* Directions for this task
Since the records include pictures, leave those out while you reproduce exactly and only the lines from the one containing "Bao Da iPad Mini 6 8.3 Inch 2021 AP022" through the one containing "MSI Cyborg 15 A13VE-1067XPL 9.jpg", inclusive.

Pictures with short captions
>>>
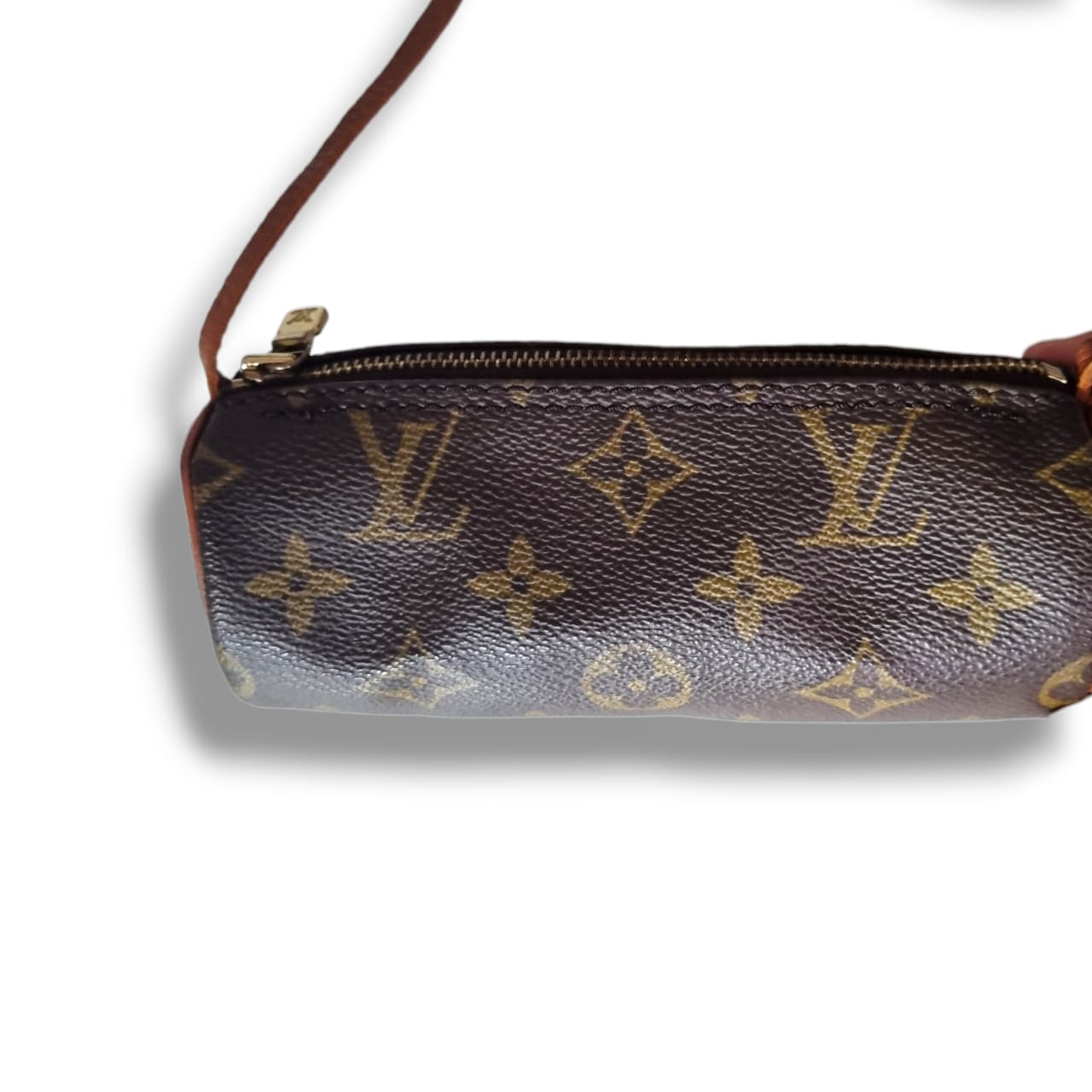 Louis Vuitton Papillon Set
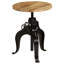 Navarro Dining Set-593467351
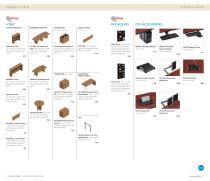 2017 In Stock Catalogue - 5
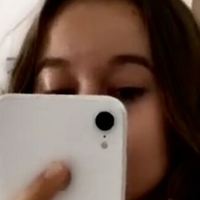 maja.1401 Nue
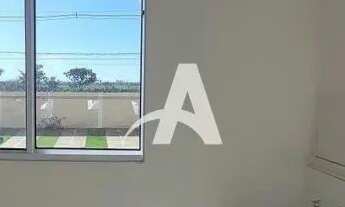 Imagem 6: Aluguel Apartamento PANORAMA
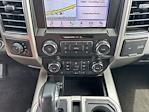 2019 Ford F-150 SuperCrew Cab 4x4 Pickup for sale #REF74160B - photo 17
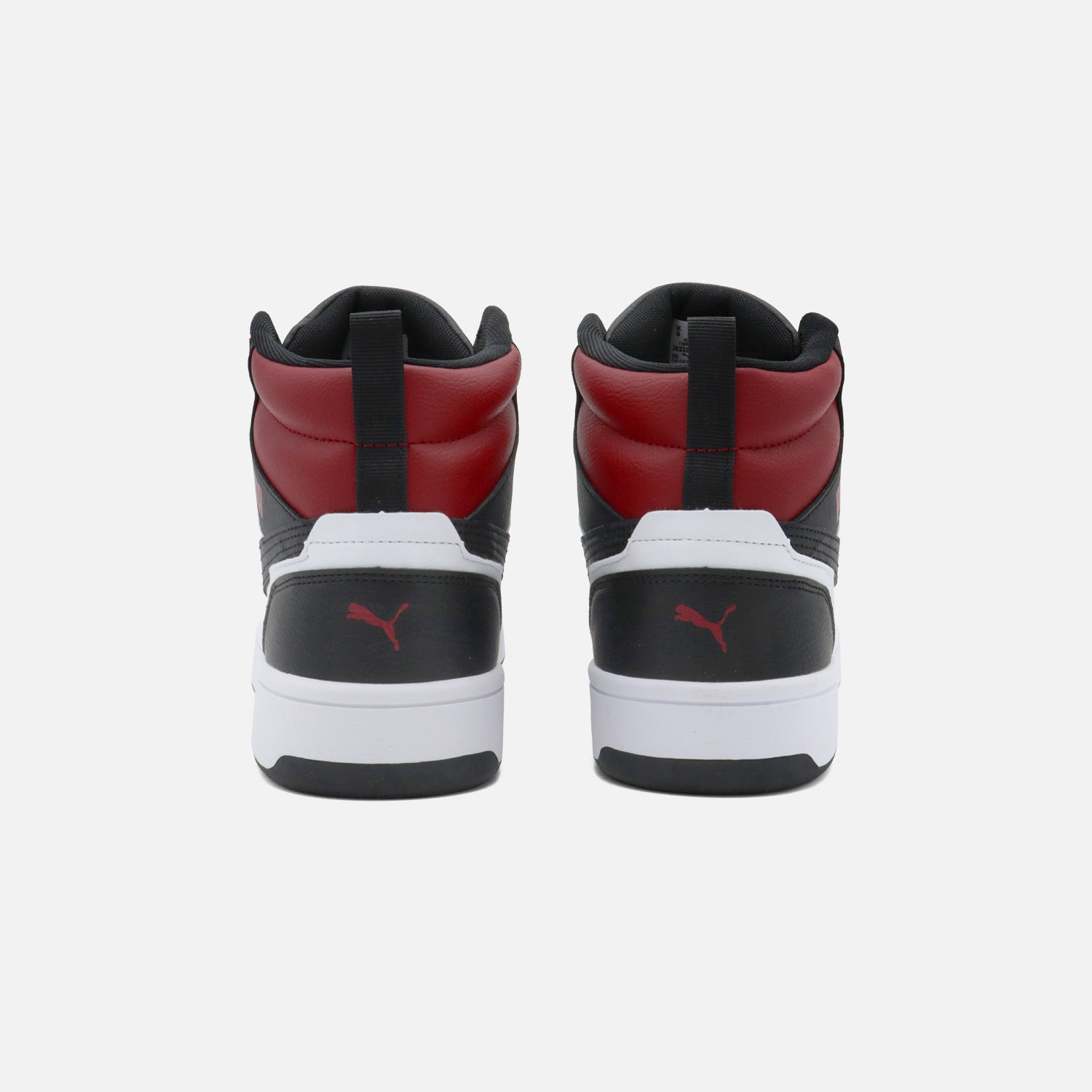 Tenis Puma Rebound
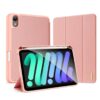 Bao Da iPad Mini 6 8.3 Inch 2021 AP022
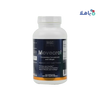 MGC - Mgc Nutrition Movecrol 120 Capsules - Pharmazone - 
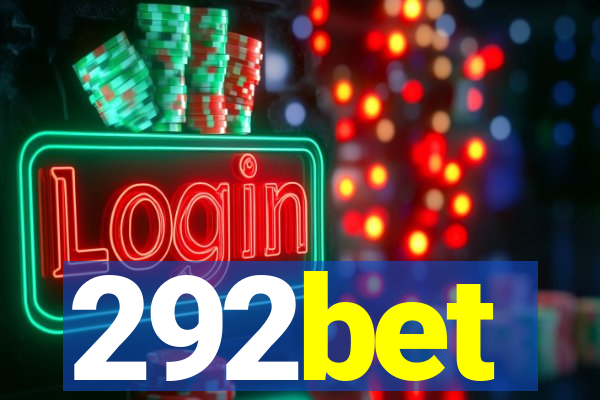 292bet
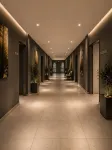 Ipoh Verde Garden Boutique By Verve - 3 estrellas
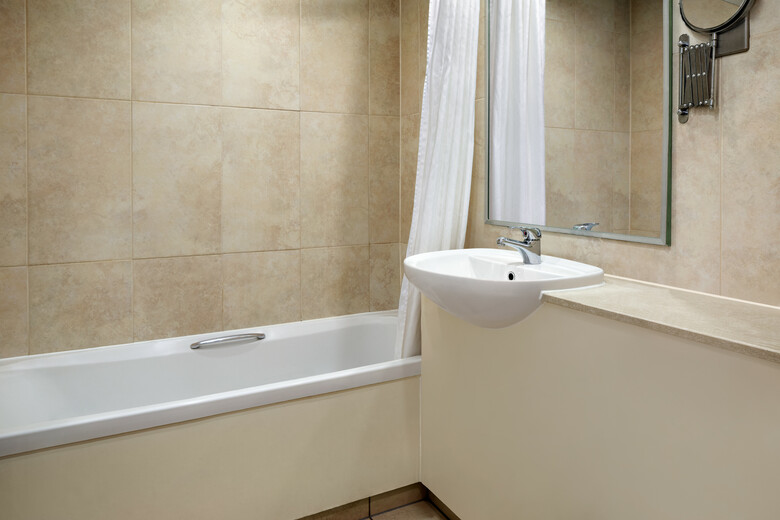 Best Western Cheltenham Regency Hotel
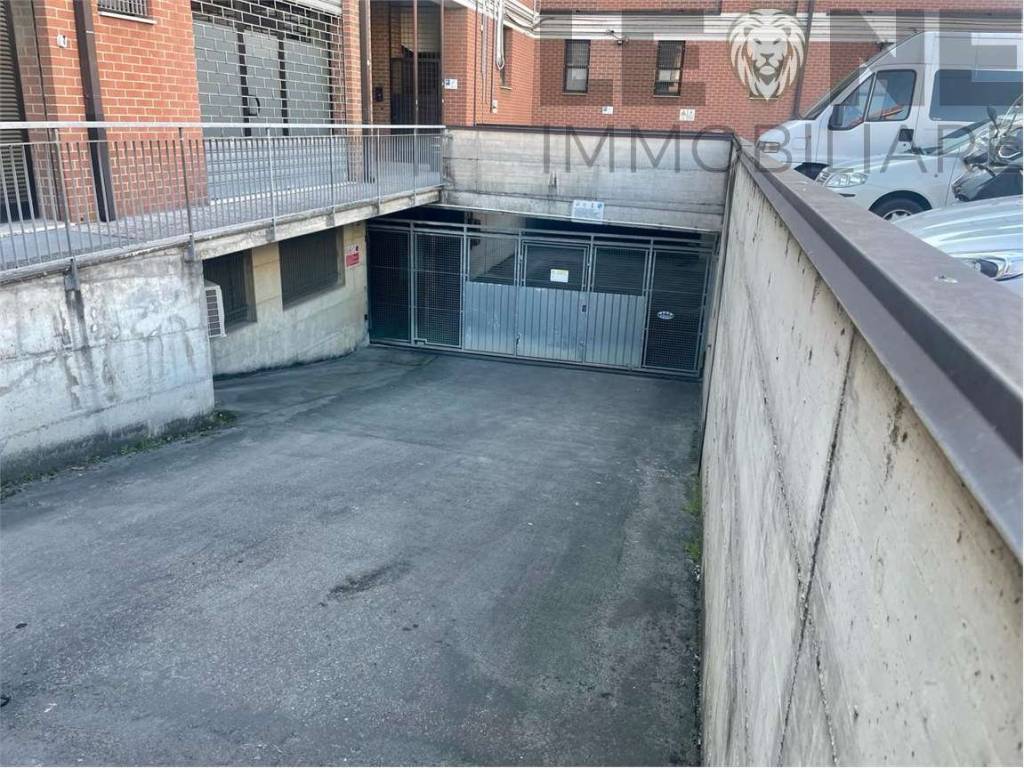 Box / garage a Vignola - Foto 4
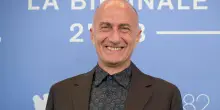 Stefano Sollima: “Il Mostro, alle radici di un patriarcato che fa ancora vittime”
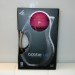 bobble, Bobble Bottle, bobble water bottle, bobble water jug, eco design, green design, Karim Rashid, recyclable plastic, Recycled Plastic, sustainable design, water filter, water purifier, Yves Béhar, bobble jug review, bobble review, is the bobble jug good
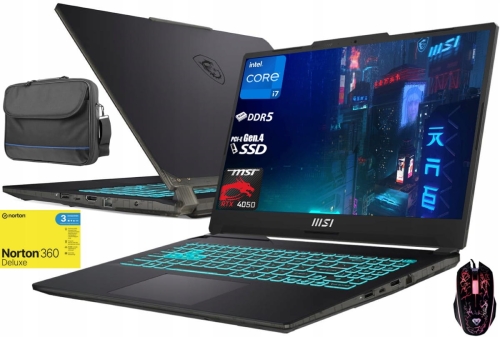 MSI Cyborg 15 A13VE-1067XPL 9.jpg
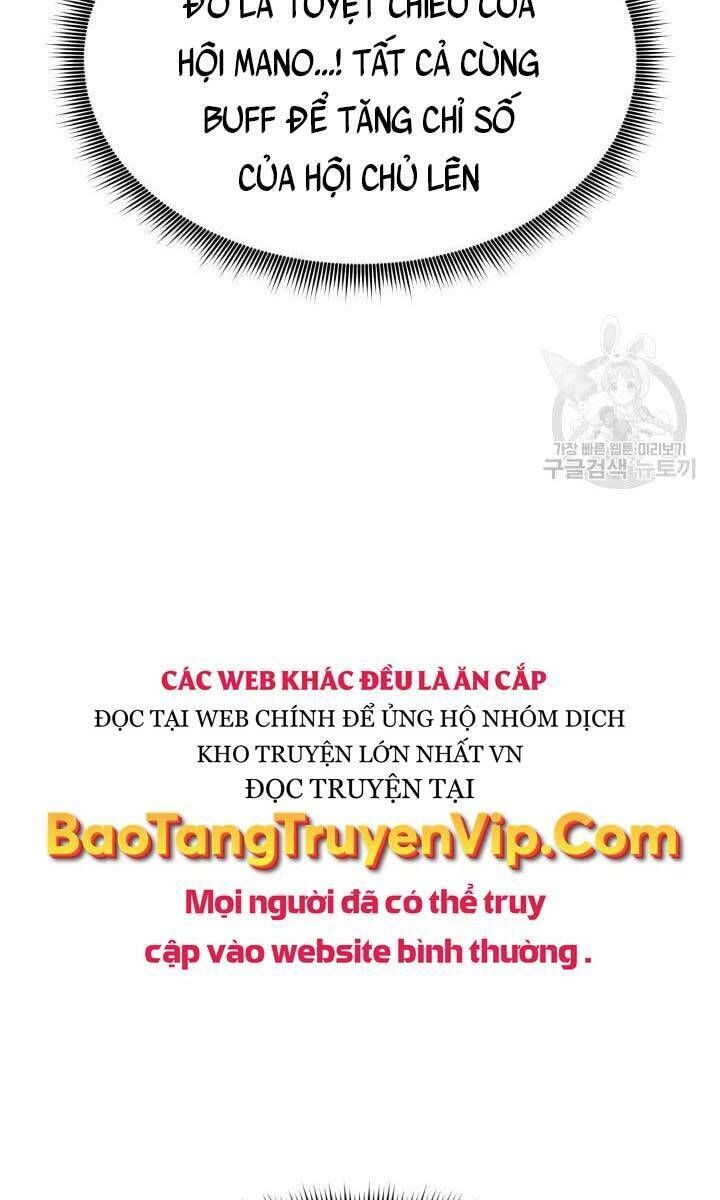 đọc truyện Sự Trở Lại Của Vị Thần Sức Mạnh Chương 86 ảnh 60 tại Truyện Dạ Ký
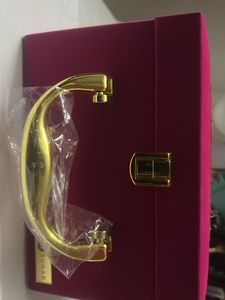 Sugar cosmetics trousseau box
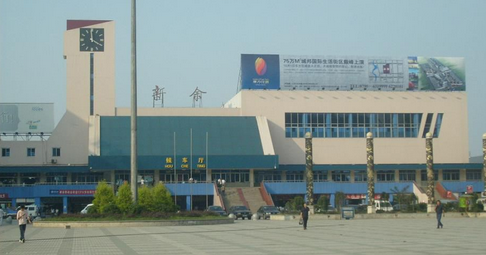 廣州到新余物流專線,廣州到新余貨運公司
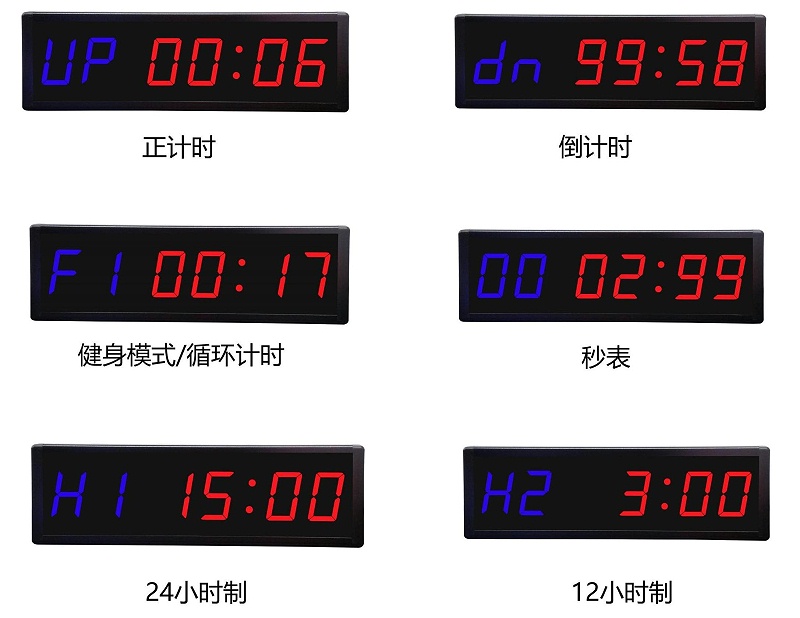 贛鑫產(chǎn)品手冊（最新版）_19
<<<
* Task answer
 Bao Da iPad Mini 6 8.3 Inch 2021 AP022
 MGC - Mgc Nutrition Movecrol 120 Capsules - Pharmazone - 
 292bet
 Ipoh Verde Garden Boutique By Verve - 3 estrellas
 Best Western Cheltenham Regency Hotel
 Box / garage a Vignola - Foto 4
 Stefano Sollima: “Il Mostro, alle radici di un patriarcato che fa ancora vittime”
 bobble, Bobble Bottle, bobble water bottle, bobble water jug, eco design, green design, Karim Rashid, recyclable plastic, Recycled Plastic, sustainable design, water filter, water purifier, Yves Béhar, bobble jug review, bobble review, is the bobble jug good
 MSI Cyborg 15 A13VE-1067XPL 9.jpg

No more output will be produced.